If you get something like this, be sure the material can be cleaned. No matter how neat the cook, they will always do something like getting sauce on their fingers and transferring it to the chair, or splatter something on it. It’s inevitable.
Roll-about Stool For Kitchen Use
Personally, I don’t think a frail senior should be using a stool with wheels. I understand the concept – it would be nice if they could scoot from stove to sink to table. But, stools with wheels are inherently unstable.
And, there backless stools out there (like the type the doctor sits on when examining you), but please don’t get one for your elderly parent. I’ve seen too many reviews of wheeled stools that tipped over when someone pushed themselves around on it.
However, if the person is fairly healthy, but their issue is with limb weakness, they could try using a wheeled office chair in the kitchen. Make sure it is one with a back and arms. Check that the base of the chair is supported by five legs (not just four), so it is less likely to tip over when rolling.
Some office models have pneumatic controls so the user can raise or lower the seat. Many also come with controls that allow the seat to tilt backwards or forward, which prevents the chair from tipping.
As I mentioned before, the chair probably won’t stay clean if a senior uses it in the kitchen. To help, it could be scotch-guarded or a towel could be placed over the seat. If the backrest is plastic, it could be wiped down after use.
Another option for a kitchen stool could be a rolling walker with a seat (click the image to view one on Amazon). Some models come with a basket attached, which is handy for getting supplies from the pantry to the stove or taking dishes from the cabinet to the table.
TIP: A rollator walker should have locking wheels.
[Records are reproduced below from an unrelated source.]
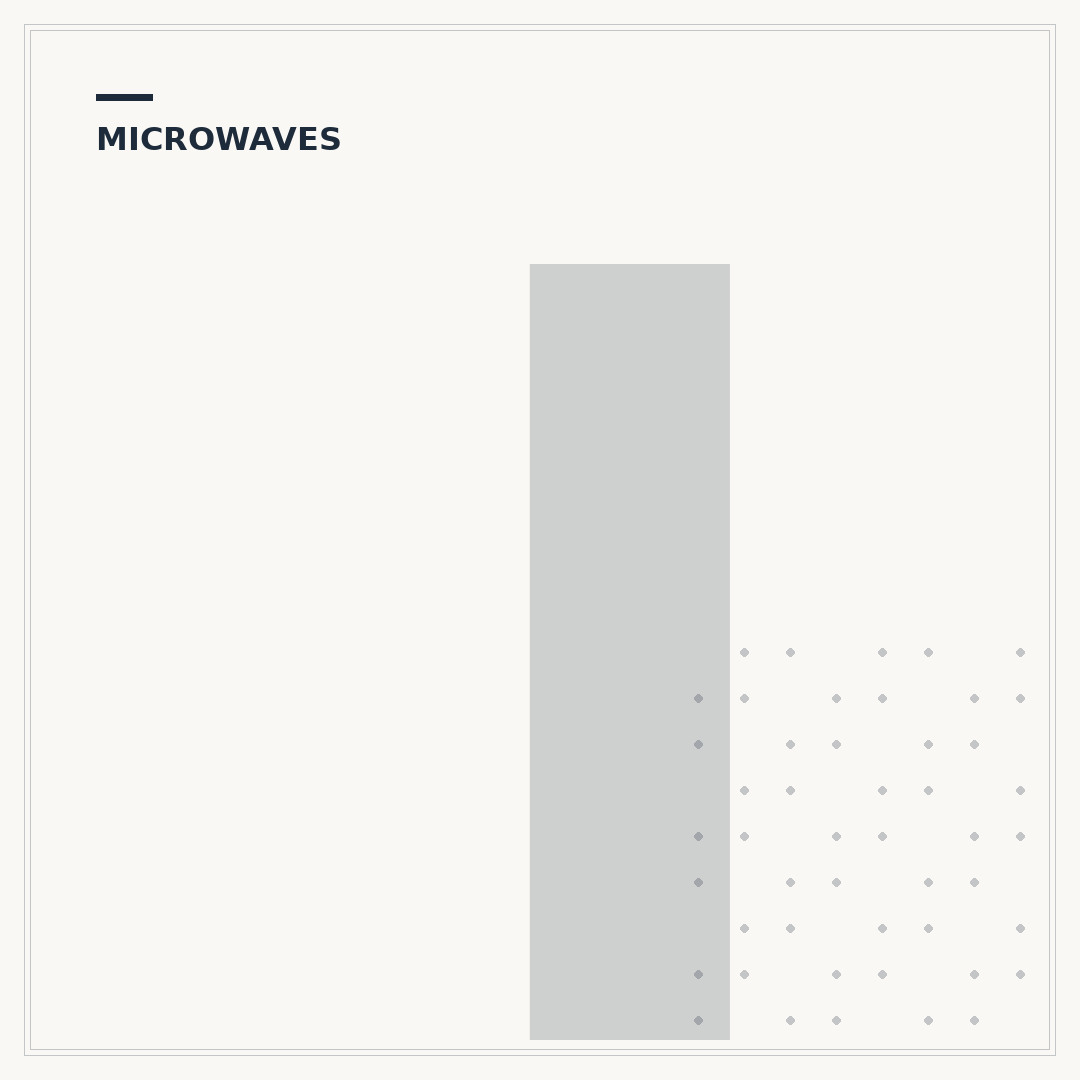 Integrated Microwaves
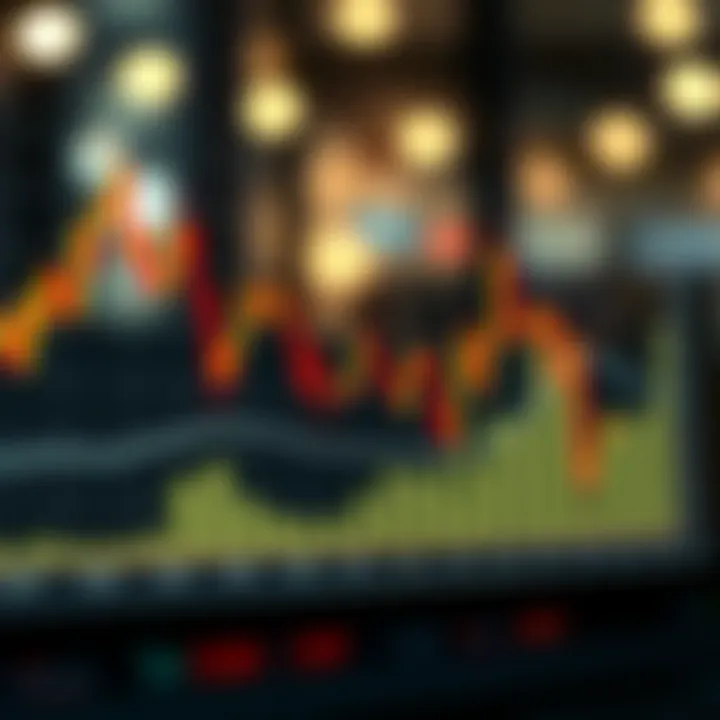Graph illustrating the impact of oil prices and safe-haven demand on the CAD/CHF forex pair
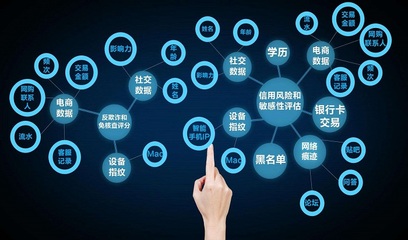 格通電子智能家居 信息科技領(lǐng)域的技術(shù)開(kāi)發(fā)先鋒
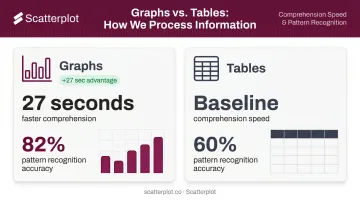 Graphs versus tables comprehension speed and accuracy comparison infographic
Also, the wheels should be non-marring wheels so the kitchen floor doesn’t get covered in black marks.
Post-Surgery Hip Chair
If your senior parent has had a hip replacement, they are going to need a solid chair while they are healing, no matter where they are in the house.
One type to consider is this Apex Hip Chair from Platinum Health.
This style of chair is specifically designed for someone who is recovering from hip surgery or a hip replacement, but it is perfect for use as a kitchen stool (and it can double as a shower chair).
It has an adjustable seat to prevent too much hip flexion. This ensures the user’s knees stay below their hips while they are healing.
Although it is safer with the arms attached, they can be removed on this model so it can be used at a table or counter/bar.
For more information on stove safety, fire safety, best cabinets, and more, visit our kitchen section.
Frequently Asked Questions
What Is A Perch Stool?
A perch stool is a stool with a small, sloping seat. They help you take some of the weight off your feet. You “perch” on one, partially seated, when performing household tasks like cooking or vacuuming. It may not have a back rest or arms. The leg base isn’t as wide as a kitchen or shower stool, so a perch stool takes up less space.
What Is The Best Chair For Elderly?
The best chair is the one that meets the senior’s needs, both now and in the long-term. The chair should be comfortable and have adjustable features (for example: an adjustable head support). It should be stable when the person sits or stands, be made of washable materials, have a foot rest, and provide back, head, and lateral body support.